[Task objective]: Copy out each entry precisely; no image belongs in the result.

[Information shown]:

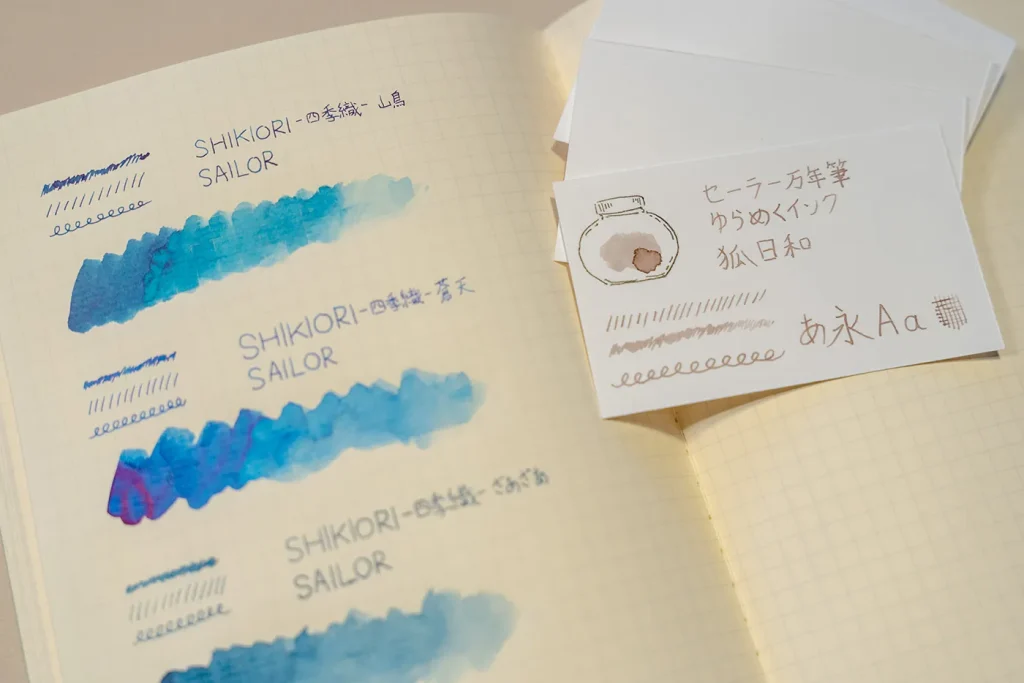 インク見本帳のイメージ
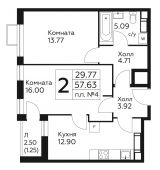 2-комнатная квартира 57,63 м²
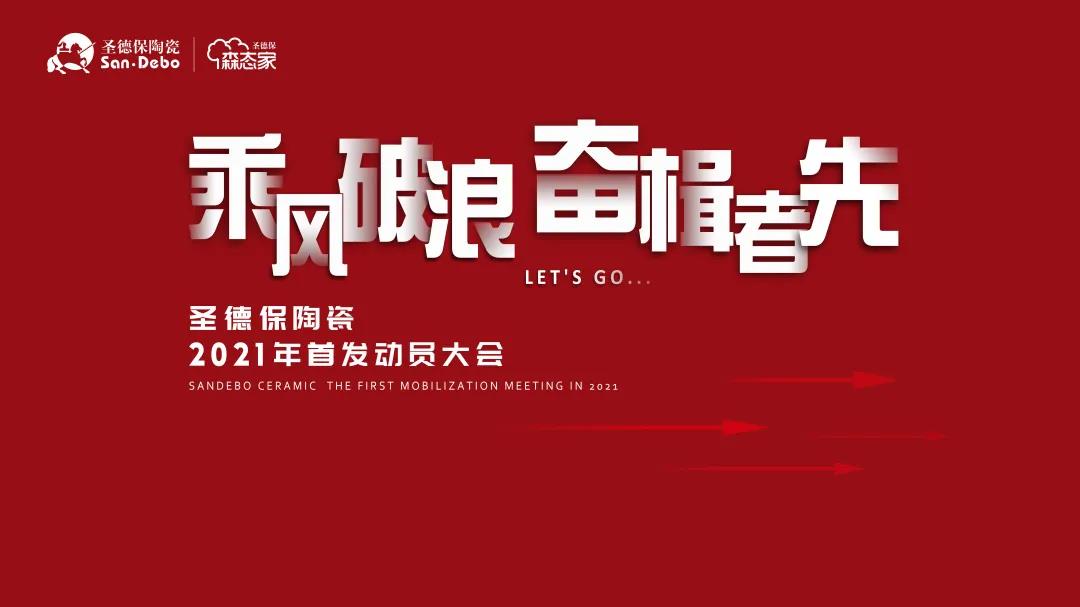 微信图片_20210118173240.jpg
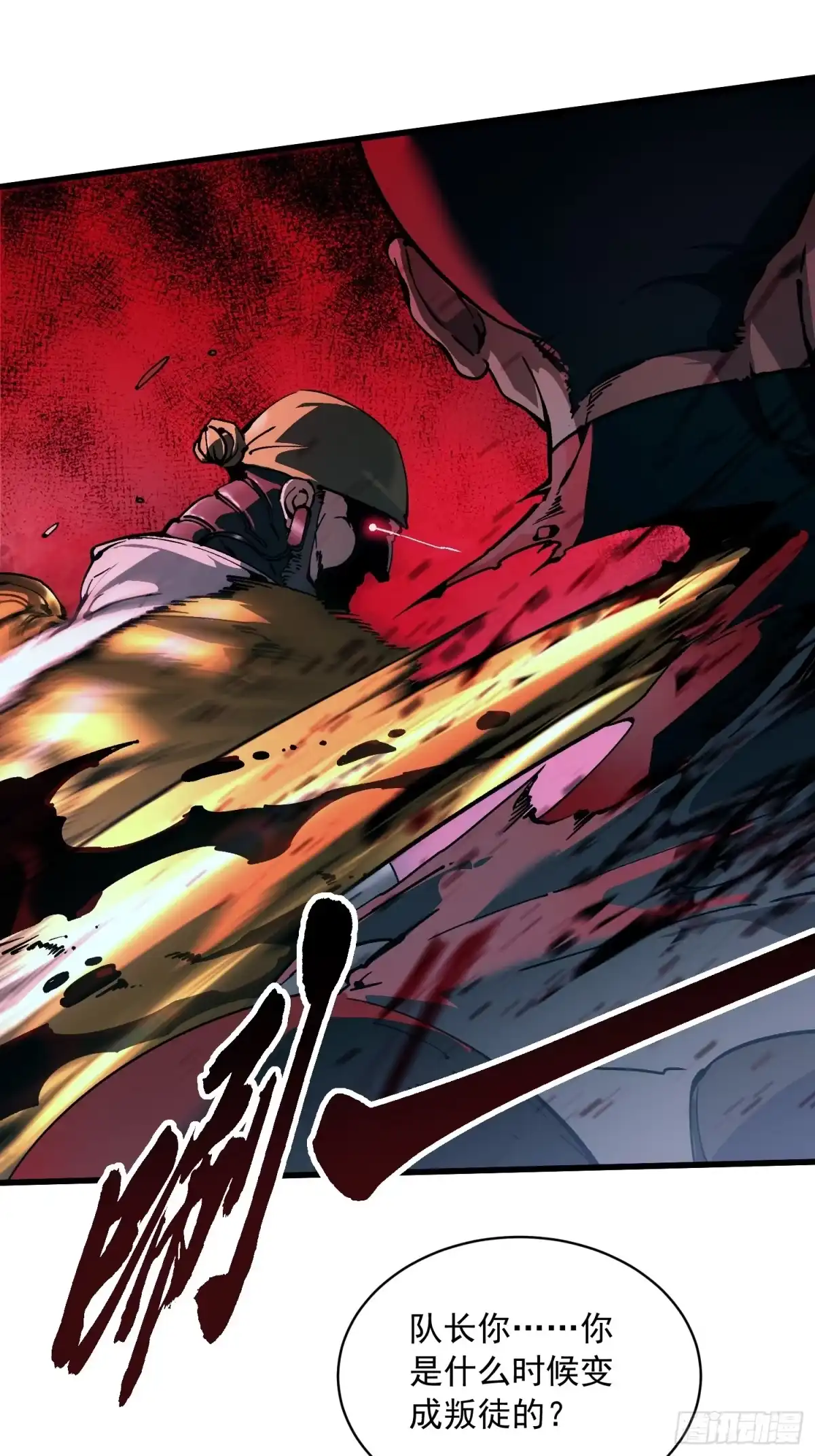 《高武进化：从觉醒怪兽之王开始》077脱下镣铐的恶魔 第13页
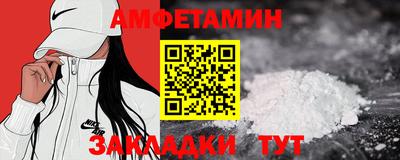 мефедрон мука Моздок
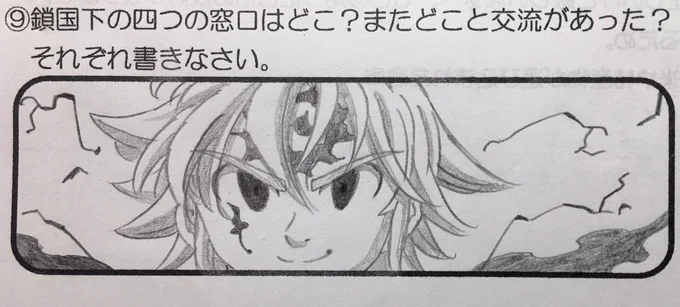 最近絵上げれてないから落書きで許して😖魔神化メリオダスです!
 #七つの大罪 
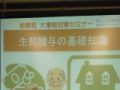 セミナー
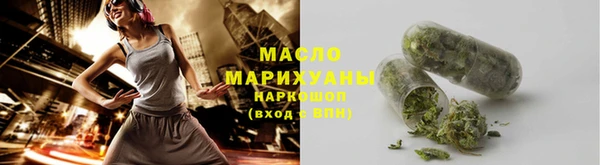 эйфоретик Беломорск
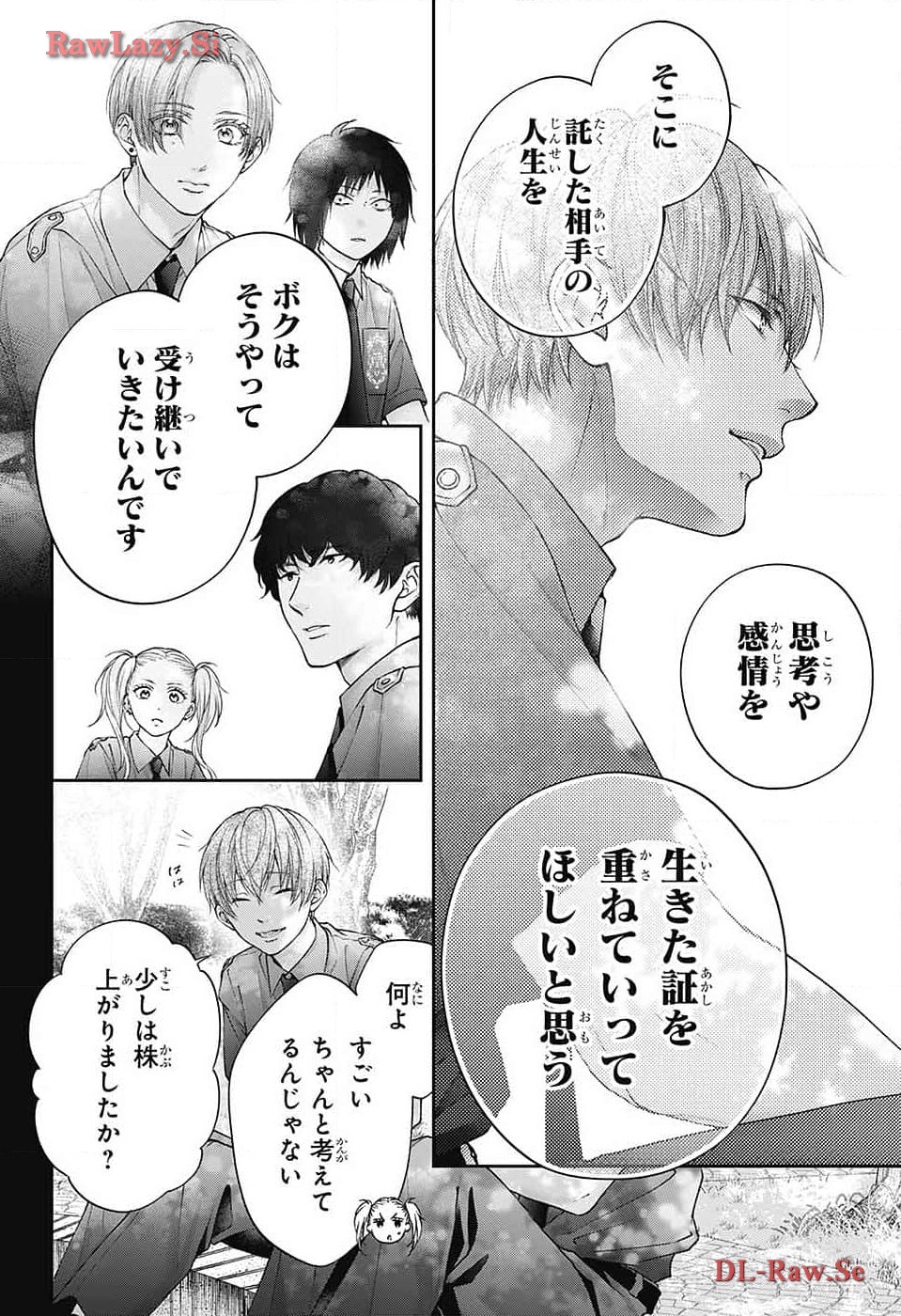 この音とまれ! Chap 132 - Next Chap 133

[Answer box]:
 インク見本帳のイメージ
 2-комнатная квартира 57,63 м²
 微信图片_20210118173240.jpg
 《高武进化：从觉醒怪兽之王开始》077脱下镣铐的恶魔 第13页
 мефедрон мука Моздок
 最近絵上げれてないから落書きで許して😖魔神化メリオダスです!
 #七つの大罪 
 セミナー
 эйфоретик Беломорск
 この音とまれ! Chap 132 - Next Chap 133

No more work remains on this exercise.